Your Pascal's triangle algorithm is incorrect, but maybe you haven't finished it yet, so I'm not going to tell you how to write a correct algorithm, just how to stop the stack overflow.
EDIT: maksimov is right that by forgetting to wrap your else
sequence in braces, you are only making the first expression conditional, which means that the second expression is always evaluated and loops infinitely into stack overflow. Adding the braces, however, will only change a 100% probability of stack overflow into a possibility of a stack overflow, because the calls to your pascal
function are not in tail position. To remove the risk of stack overflow, you have to make further modifications, explained below...
Recursive functions can avoid stack overflows by using tail recursion. However, for that to work, the recursive call has to be in tail position. That is, the recursive call must be the final expression to be executed before the function returns and its value must be returned without modification, all the way back up the stack to the first invocation. Since your calculation uses pascal(r, c-1) * (r-c)/c
, you are always modifying the returned value before returning that modified result, so the call is not in tail position. You need to modify your function so that when it finally returns it gives the correct result with no need for modification. The end result should have this basic shape...
def pascal(c: Int, r: Int): Int = {
...
if (c <= 0) 1 else pascal(..., ...)
}
You will find that the only way to do this is to define a local function inside your pascal function and have that do the recursion....

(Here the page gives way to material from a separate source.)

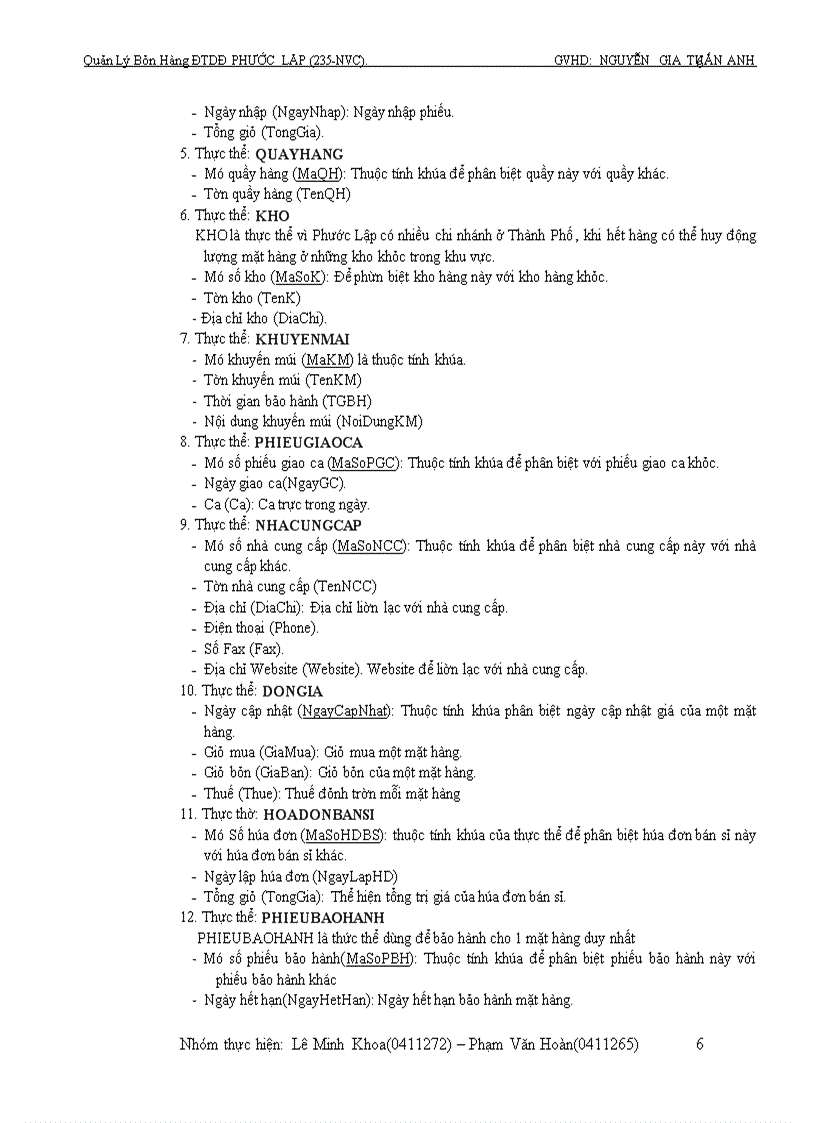 image for page Quản lý bán hàng điện thoại di động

def pascal(c: Int, r: Int): Int = {
def loop(...): Int = ... match {
case ... => 1
case ... => x + y
case ... => loop(...)
case _ => loop(...)
}
...
if (c <= 0) 1 else loop(...)
}
This is because the recursive function will have to check state to find out whether it has solved the final problem or a sub-task within the problem. The state can be extra parameters passed to loop
or local vars defined at the top level of pascal
Only once you have safely moved the recursion into the local function can you safely do what maksimov suggested
var p = if (c <= 0) 1 loop(...)
println(p)
p
You can do this safely because the recursive calls all happen inside loop
and are all (if you use my template) in tail position.
To be clear: having two successive calls to your pascal
function is not the cause of the overflow. The two top-level calls in your code are sequential and do not interfere with each other; if one completes, so will the other. If the first fails, the second one would also have failed (and removing the first one will not stop the second one from failing).